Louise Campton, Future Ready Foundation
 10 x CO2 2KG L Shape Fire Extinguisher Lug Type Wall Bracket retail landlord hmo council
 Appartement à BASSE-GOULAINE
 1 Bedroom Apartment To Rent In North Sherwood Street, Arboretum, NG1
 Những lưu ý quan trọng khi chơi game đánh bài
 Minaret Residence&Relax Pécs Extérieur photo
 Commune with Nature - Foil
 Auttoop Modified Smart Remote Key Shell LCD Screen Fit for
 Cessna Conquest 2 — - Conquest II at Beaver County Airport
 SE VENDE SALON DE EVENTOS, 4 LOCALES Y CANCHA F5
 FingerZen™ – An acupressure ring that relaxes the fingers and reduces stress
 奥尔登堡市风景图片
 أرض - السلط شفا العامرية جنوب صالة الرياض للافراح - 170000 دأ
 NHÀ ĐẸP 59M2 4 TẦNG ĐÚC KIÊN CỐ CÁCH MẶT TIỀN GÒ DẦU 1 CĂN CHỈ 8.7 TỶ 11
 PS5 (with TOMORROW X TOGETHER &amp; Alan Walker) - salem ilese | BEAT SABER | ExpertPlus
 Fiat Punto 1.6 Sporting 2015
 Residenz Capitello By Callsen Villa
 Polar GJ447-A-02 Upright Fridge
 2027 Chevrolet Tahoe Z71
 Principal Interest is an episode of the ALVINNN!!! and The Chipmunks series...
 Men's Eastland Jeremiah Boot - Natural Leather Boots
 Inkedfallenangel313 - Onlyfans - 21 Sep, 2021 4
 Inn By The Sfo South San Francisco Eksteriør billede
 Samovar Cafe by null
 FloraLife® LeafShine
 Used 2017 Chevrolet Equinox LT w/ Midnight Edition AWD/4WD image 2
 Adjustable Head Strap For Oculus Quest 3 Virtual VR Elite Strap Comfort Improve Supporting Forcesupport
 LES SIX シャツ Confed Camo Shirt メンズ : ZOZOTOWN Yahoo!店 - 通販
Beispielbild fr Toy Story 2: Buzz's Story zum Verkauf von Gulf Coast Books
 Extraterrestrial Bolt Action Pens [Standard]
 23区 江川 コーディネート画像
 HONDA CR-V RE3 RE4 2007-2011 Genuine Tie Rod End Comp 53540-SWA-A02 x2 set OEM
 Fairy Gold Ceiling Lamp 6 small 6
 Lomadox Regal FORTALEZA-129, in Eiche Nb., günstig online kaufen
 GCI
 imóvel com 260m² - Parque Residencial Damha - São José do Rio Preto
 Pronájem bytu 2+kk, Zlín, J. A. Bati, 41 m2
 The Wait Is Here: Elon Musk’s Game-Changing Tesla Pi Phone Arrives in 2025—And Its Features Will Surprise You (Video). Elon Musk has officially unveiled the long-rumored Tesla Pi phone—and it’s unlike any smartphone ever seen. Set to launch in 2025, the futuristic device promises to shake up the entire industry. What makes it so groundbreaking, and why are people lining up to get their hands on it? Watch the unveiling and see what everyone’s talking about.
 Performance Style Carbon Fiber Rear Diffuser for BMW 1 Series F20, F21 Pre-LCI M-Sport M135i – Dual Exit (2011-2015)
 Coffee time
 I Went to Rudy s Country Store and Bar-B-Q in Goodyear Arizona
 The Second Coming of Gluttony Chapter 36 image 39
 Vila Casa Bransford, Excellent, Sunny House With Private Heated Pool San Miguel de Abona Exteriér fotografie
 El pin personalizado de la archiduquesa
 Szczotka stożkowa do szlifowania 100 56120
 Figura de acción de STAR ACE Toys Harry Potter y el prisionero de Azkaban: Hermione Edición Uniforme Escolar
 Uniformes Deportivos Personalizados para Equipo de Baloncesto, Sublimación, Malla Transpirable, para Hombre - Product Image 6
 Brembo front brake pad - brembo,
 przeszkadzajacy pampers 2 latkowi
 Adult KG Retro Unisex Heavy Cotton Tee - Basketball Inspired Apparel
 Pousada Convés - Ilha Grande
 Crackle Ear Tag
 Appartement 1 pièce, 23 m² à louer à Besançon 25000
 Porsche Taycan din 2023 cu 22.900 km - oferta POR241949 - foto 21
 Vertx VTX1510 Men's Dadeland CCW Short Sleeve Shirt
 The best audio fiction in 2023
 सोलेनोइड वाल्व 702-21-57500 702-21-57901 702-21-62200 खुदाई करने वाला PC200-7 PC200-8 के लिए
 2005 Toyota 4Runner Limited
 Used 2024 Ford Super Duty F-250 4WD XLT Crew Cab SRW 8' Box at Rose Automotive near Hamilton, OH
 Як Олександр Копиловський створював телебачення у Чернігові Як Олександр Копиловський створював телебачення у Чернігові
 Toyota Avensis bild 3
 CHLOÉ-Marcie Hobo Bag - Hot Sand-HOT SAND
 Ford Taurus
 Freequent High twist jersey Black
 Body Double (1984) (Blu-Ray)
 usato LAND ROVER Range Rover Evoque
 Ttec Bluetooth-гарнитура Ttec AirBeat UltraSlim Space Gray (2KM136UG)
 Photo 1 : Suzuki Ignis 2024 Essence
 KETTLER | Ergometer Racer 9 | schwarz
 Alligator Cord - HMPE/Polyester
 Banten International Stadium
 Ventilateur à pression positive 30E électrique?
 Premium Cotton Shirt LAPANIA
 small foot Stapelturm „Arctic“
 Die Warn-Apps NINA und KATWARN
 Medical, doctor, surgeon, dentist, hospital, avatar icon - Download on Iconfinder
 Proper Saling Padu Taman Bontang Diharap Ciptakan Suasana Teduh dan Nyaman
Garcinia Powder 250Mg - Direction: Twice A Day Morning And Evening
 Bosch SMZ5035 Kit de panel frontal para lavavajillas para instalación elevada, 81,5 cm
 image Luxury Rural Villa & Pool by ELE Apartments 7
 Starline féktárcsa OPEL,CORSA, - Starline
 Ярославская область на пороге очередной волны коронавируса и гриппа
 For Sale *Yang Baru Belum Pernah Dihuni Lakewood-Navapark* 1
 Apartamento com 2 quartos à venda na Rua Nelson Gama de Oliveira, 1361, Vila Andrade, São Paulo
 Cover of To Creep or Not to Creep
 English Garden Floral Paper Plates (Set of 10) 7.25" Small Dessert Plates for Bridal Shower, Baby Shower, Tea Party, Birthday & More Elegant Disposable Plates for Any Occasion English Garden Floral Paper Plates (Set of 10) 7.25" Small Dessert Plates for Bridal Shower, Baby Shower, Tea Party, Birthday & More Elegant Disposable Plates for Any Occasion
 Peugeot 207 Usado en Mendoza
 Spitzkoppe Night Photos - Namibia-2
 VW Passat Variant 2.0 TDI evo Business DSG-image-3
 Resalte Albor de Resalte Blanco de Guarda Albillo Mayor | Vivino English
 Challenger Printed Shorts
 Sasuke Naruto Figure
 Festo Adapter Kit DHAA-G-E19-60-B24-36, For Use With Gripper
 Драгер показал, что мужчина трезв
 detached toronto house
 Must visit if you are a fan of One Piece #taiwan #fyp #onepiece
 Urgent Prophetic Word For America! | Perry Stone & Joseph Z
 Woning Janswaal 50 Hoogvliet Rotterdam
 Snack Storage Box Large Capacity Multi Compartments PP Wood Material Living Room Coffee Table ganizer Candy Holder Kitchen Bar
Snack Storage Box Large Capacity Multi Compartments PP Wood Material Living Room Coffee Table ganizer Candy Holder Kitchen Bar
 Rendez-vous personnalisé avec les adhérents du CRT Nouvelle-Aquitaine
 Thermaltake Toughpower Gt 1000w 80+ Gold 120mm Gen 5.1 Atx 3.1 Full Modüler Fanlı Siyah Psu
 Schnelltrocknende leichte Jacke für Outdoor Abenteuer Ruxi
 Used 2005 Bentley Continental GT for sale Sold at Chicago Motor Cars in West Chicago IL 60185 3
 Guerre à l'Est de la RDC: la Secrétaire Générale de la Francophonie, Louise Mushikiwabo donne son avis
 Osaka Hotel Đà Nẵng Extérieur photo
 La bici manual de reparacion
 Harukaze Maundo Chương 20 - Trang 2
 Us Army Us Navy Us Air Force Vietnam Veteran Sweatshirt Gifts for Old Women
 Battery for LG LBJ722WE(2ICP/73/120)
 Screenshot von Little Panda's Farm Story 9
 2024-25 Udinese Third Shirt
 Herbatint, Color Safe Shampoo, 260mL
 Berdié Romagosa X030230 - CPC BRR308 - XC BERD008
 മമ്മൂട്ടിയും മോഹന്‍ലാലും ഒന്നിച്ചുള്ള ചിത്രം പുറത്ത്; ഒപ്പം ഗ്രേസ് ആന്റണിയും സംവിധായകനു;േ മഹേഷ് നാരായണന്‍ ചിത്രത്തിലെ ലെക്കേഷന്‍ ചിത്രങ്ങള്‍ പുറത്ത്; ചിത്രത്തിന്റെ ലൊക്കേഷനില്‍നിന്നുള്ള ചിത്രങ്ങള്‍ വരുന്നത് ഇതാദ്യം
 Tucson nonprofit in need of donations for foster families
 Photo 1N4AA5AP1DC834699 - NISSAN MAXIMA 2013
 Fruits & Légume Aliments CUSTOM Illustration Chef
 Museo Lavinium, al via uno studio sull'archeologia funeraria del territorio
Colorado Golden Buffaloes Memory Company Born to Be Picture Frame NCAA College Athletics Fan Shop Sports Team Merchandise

● ● ● ● ●

Reproduce, exactly as they stand in the data above, the lines from the one that holds "Photo 1 : Suzuki Ignis 2024 Essence" to the one that holds "Die Warn-Apps NINA und KATWARN", inclusive.

• _WRITTEN ANSWER_
 Photo 1 : Suzuki Ignis 2024 Essence
 KETTLER | Ergometer Racer 9 | schwarz
 Alligator Cord - HMPE/Polyester
 Banten International Stadium
 Ventilateur à pression positive 30E électrique?
 Premium Cotton Shirt LAPANIA
 small foot Stapelturm „Arctic“
 Die Warn-Apps NINA und KATWARN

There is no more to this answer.